A question related to pole of a matrix( Pole defined in the question)

Question

For a $3\times 3$ matrix A, say that a point p on the on the unit sphere centred at the origin in $\mathbb{R}^3$ is a pole of A if Ap=p. Denote by $SO_3$ , the subgroup of $GL_{3}(\mathbb{R})$ consisting of all the orthogonal matrices with determinant 1.

(A) Show that if $A\in SO_3$ , then A has a pole.

(B) Let G be a subgroup of $SO_3$. Show that G acts on the set { $p\in \mathbb{S}^2$ | p is a pole for some matrix $A\in G$}

This question is from my abstract algebra assignment and I was unable to solve it.
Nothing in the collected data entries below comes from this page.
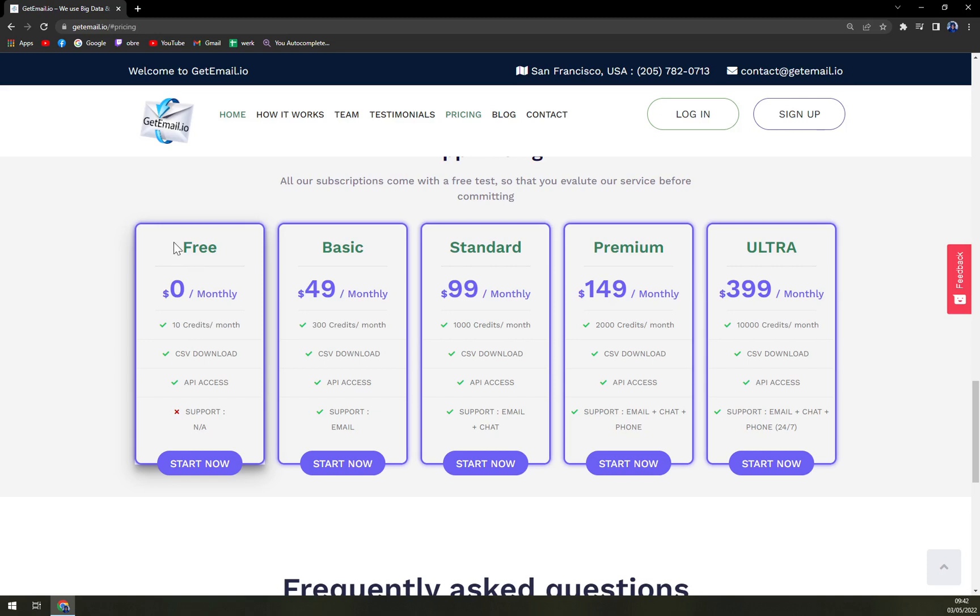With the free or freemium plan, you are not paying anything per month - zero dollars monthly. You get 10 credits a month, CSV download, API access, which is actually really great if you want to integrate it with some other programs or CRMs or software. But there is no support provided, obviously, because you are not a paying customer.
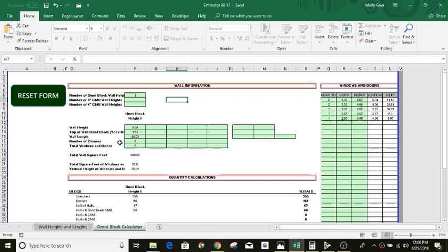Okay, this is Brett Greer. I was asked to make a video for our Omniblock estimator tool. It is a spreadsheet that helps you estimate the amount of block and foam insulation inserts you're going to need using the Omniblock product. It also will estimate for standard CMU.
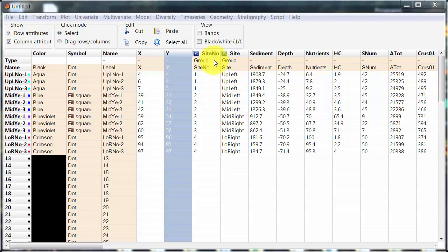PAST version 3 has the advantage of being able to define group variables, and when group variables are defined and used PAST can implement options using that information. And these are options that are not available in PAST version 2 because it does not have the option to set group variables.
For (A), I am sorry to say I don't have any clue. I have been given that for any matrix $AA^T= I = A^T A$ and det A=1. The problem is how to find such a p that satisfies Ap=p.

For (B), if G acts on the given set (say X) then I X =X and $(G_1 G_2) X = (G_1 )(G_2 X)$.

then I p = p, but ${G_1}{ G_2 } p $ , but I can't write $G_2 p = G_2$ because p is pole of some matrix $A \in G$ not necessarily $G_2$. So, I got struck here.

Can you please guide?

Answer 1

For part a, it suffices to show that $\det(A - I) = 0$. Since you have already showed that $\det(A) = 1$, it suffices to note that $$ \begin{align} \det(A - I) &= \det(A^T) \det(A - I) \\ & = \det(A^TA - A) \\ &= \det(I - A) = \det(-(A - I)) = - \det(A - I). \end{align} $$ For part b, it suffices to note that every $p$ is a pole of the identity matrix $I \in G$.

Answer 2

if you are really clueless on a groups problem, a common technique is to step back and look at the generators of a group. In particular consider $O_n(\mathbb R)$. The generators of this group are Householder (reflection) matrices:
$H:= I - 2 \mathbf {xx}^T$ for some $\big \Vert \mathbf x\big \Vert_2=1$. You can verify that this reflection is in fact an involution i.e. $H^2=I$

By examining the eigenvalues or trace of an involution or using matrix determinant lemma (or the geometry) you can see
$\det\big(H\big)=-1$.

Every $Q \in O_n(\mathbb R)$ may be written as a product of at most $n$ Householder matrices (exercise).

Since you are interested in $SO_n(\mathbb R) \subset O_n(\mathbb R)$, this means every matrix may be written as the product of an even number of Householder matrices, which turns into: for $A \in SO_3(\mathbb R)$

$A = H_1\cdot H_2 = \big(I - 2 \mathbf x_1\mathbf x_1^T\big)\big(I - 2 \mathbf x_2\mathbf x_2^T\big)$
There must exist some unit length $\mathbf x_3$such that $A\mathbf x_3 = \mathbf x_3$ -- i.e. up to re-scaling, select non-zero

$\mathbf x_3 \in \ker \left( \begin{bmatrix}\mathbf x_1^T \\\mathbf x_2^T \\ \end{bmatrix}\right)$

This also implies the desired answer for $B$ -- consider the order 2 group $G:=\big\{H, I\big\}$ for some $H$ -- arbitrary $p$ isn't a fixed point for $H$ but is for $I$ and $I$ is in every subgroup, giving the answer.